It was out of frustration with the fact that there was no biography of Faustus, as such, that this book was born. So much of the existing literature was hard to find, in foreign languages, or written for specialist audiences; the information was scattered and the interpretations of it conflicting. It took years to go through it all and still there were so many questions left unanswered, so many possibilities unexamined, and the entire context of his complex life unexplored. Behind a cage of other peoples’ words I sensed an unquiet and discontented spirit move. Bars of prejudice and locks forged in ignorance had too long kept the truth from us. It was time to let the real Faustus out.
He appeared in 1507. Without warning he walked into the pages of history, already infamous and condemned, already a legend. We do not know with absolute certainty where or when he was born, died, or went in between those two dates. Scholarly arguments have even been put forward to prove that he did not exist at all and today many people believe that he was entirely the figment of Goethe’s imagination.1 But they would be wrong. Before there was the legend, there was a man called Faustus.
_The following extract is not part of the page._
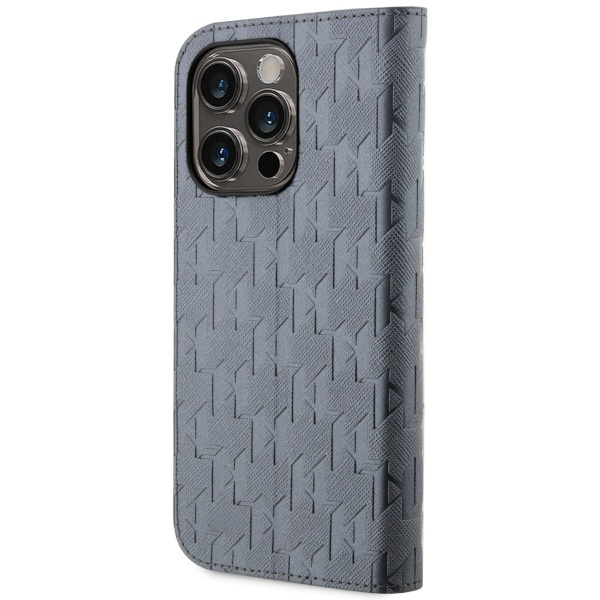 Karl Lagerfeld KLBKP14LSAKLHPG iPhone 14 Pro 6.1" bookcase silver/silver Saffiano Monogram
A miraculous birth is the beginning of every great spiritual career. Whilst virgin-births were common in antiquity, who else but Faustus could be thought to have been born in several places at once and at different times as well? It is no more than the confusion of the past, but out of such things arise great myths.
Sometime in the late fifteenth century, somewhere in the fractured rivalry of the Germany of that time, a man was born who would challenge Merlin, Simon Magus, and perhaps even King Solomon himself to the exalted and accursed crown of magic. We think of him now as Johannes Faust, or just simply Dr Faust, but the first written reference, a letter dated 1507, called him ‘Magister Georgius Sabellicus Faustus Junior’. Throughout the sixteenth century the man we tend to think of as Faust was called Faustus by his contemporaries and near-contemporaries.2
Is there a difference between Faust and Faustus? Faust is a German surname and there are people to this day who bear it. Although Faustus is also an historically recorded surname, it has generally been assumed that Faustus is simply a Latinised form of Faust. Latinised names were highly fashionable among Humanist scholars and other educated people of the sixteenth century.
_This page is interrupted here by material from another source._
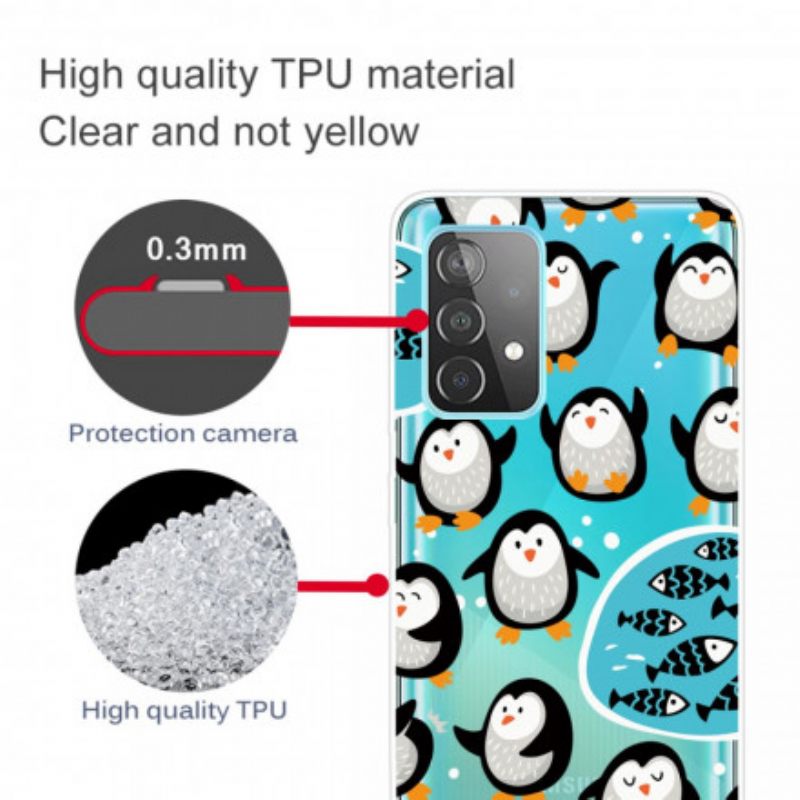 Kuori Samsung Galaxy A52 4G / A52 5G / A52s 5G Penguins And Fishes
If Georgius had really wanted to Latinise the German surname Faust – which means ‘fist’ in English – he would have added more than just a suffix and translated the whole name into pugnus, the Latin for ‘fist’. It has also been suggested that the name Faustus is a reference to Knittlingen – a contender for his place of birth. Knittlingen comes from Knittel (Knüttel, modern Knüppel), a club, which, via the Latin fustis, is supposed to give ‘Faustus’, but ‘Fustis’ itself would be more obvious if this was indeed meant. There is also a persistent and false rumour that Faustus was the printer Johannes Fust (d.1466). Hadrianus Junius (Adrien de Jonghe, 1511–1570) first suggested the connection and it still occasionally resurfaces. Apart from having a different first name, Fust also died long before the magician ‘Faustus’ appeared in the historical record.
In Latin faustus means fortunate or auspicious, which makes it an apt name for a fortune-teller. But there are lots of good epithets to choose from; why should anyone choose this one? The clue lies in the fact that Faustus called himself Faustus Junior. If he wanted to be known as the ‘Fortunate’ he would hardly have called himself ‘Fortunate Junior’. To whom, then, was he acknowledging seniority and why?
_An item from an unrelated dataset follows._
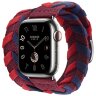 Apple Watch Hermes Series 10 42mm, двойной ремешок из трикотажа красный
We have no reliable evidence that there was an actual relative of Faustus practising magic in Germany before 1507 or after. Of course, just because we cannot find him does not mean that he did not exist, but it does reduce the likelihood. The more plausible explanation is that ‘Faustus Junior’ was not so much a name as part of a job description, making deference to another sort of predecessor going by the same name.
It is in ancient Rome that we find the earliest recorded usages of the name ‘Faustus’. There was a goddess called Faustitas – a name derived from Faustus – who protected the fields and ensured a good harvest, and there were at least three families going by the name of Faustus. One appeared to die out within a generation, the other was high-ranking but unremarkable, only the third, from the time of the Emperor Nero, holds out any promise.
The family comes to light in the fourth century CE writings attributed to Clement of Rome (d. c.98 CE).3 It was popularised in Germany in two medieval retellings of the Simon Magus story that would have still been well-known in Faustus’s day.4 There are conflicting accounts of who Simon Magus was, but he is generally described as a sorcerer of Samaria, converted to Christianity by Philip. He gave the word ‘simony’– the buying or selling of ecclesiastical preferment – to the English language by his alleged request to buy the power to impart the Holy Ghost from the Apostles and was reprimanded by Peter (Acts 8:5–24). According to Clement’s later story, Simon Magus posed a much greater threat to nascent Christianity during the reign of Nero (54–68 CE) and a magical feud was fought between Simon Magus and Peter, culminating in the sorcerer’s death. In this story Clement’s father was called either Faustus or Faustinianus and his two brothers Faustinus and Faustinianus or Faustus.5 The brothers play little part, but the father Faustus/inianus takes on the semblance of Simon Magus to be first used by Simon Magus against his enemies and then by Peter to discredit the real Simon Magus.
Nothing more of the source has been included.